• [Your task]: When the line with "(WMNS) adidas Ozweego" appears below, start repeating lines exactly, and keep going through the line with "Shower, Bathroom in Hotel Exclusive"; add nothing outside that span.
[Opening Data listing section]
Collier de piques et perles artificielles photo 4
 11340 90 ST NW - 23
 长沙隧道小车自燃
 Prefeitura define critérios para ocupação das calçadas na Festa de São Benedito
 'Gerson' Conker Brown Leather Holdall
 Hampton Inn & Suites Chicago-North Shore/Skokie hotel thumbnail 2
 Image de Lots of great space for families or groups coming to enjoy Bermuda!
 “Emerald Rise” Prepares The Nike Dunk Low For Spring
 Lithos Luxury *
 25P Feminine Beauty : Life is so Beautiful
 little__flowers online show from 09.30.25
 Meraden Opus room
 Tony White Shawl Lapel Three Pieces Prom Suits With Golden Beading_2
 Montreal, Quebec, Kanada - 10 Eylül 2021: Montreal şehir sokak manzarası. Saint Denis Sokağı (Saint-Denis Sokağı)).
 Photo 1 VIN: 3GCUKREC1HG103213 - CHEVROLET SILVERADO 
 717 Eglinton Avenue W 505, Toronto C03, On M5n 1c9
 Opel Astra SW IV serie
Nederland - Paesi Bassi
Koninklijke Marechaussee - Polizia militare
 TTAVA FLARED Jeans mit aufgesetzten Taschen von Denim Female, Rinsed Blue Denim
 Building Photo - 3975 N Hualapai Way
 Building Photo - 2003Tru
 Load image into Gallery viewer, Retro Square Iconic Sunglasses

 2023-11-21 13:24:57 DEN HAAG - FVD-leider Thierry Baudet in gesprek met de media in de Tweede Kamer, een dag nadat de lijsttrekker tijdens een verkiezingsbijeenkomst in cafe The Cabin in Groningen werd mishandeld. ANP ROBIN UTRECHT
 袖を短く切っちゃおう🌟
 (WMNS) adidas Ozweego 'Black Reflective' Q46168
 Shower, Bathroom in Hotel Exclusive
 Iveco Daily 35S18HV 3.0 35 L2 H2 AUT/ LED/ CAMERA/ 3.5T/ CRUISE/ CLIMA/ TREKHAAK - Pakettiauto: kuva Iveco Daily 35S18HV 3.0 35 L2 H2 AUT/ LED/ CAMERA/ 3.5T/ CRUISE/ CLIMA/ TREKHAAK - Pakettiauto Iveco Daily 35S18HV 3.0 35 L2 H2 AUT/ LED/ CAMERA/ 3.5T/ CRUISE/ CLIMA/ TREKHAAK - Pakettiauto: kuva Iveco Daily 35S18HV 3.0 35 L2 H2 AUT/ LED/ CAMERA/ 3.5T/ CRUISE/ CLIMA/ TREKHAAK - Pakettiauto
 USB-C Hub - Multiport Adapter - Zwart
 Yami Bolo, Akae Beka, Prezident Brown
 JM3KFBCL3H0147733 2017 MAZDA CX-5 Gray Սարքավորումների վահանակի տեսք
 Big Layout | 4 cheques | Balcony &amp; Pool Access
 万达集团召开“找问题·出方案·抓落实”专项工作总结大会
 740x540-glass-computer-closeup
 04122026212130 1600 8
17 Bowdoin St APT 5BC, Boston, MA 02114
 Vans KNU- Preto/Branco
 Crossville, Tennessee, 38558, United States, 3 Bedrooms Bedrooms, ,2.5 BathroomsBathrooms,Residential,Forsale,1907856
[Closing Data listing section]
• [Answer to the exercise]:
 (WMNS) adidas Ozweego 'Black Reflective' Q46168
 Shower, Bathroom in Hotel Exclusive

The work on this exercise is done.